§ **EXERCISE BRIEF**
Your output should be the lines from the one with "bitcoin:1HQqPpjfgDf3ABjsKFFycGvu7QkHTquz3d" through the last line of the records below, exactly as written, minus the pictures.

[Saved data entries]
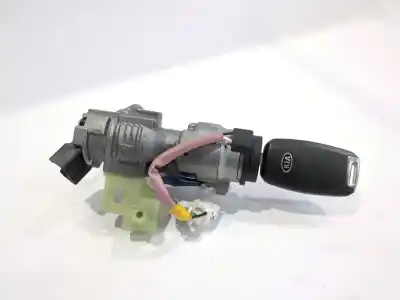 Автозапчасти б/у переключатель стартера за kia stonic (yb) 1.2 cvvt ссылки oem iam 81900h8c00 81900h 8c00 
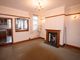 Thumbnail End terrace house for sale in Beatrice Road, Leicester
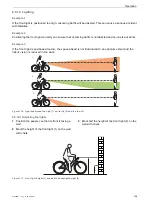 Предварительный просмотр 109 страницы Bulls 22-15-1078 Translation Of Original Operating Instructions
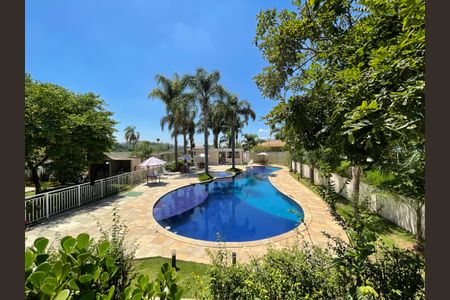 Apartamento para alugar com 46000m², 2 quartos e 1 vaga Apartamento para alugar com 46000m², 2 quartos e 1 vagaÁrea comum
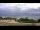 Webcam in Pelzerhaken, 6.4 mi away
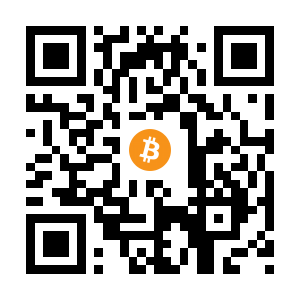 bitcoin:1HQqPpjfgDf3ABjsKFFycGvu7QkHTquz3d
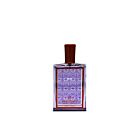Molinard MM Eau de Parfum For Men 75ml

§ **EXERCISE OUTPUT**
 bitcoin:1HQqPpjfgDf3ABjsKFFycGvu7QkHTquz3d
Molinard MM Eau de Parfum For Men 75ml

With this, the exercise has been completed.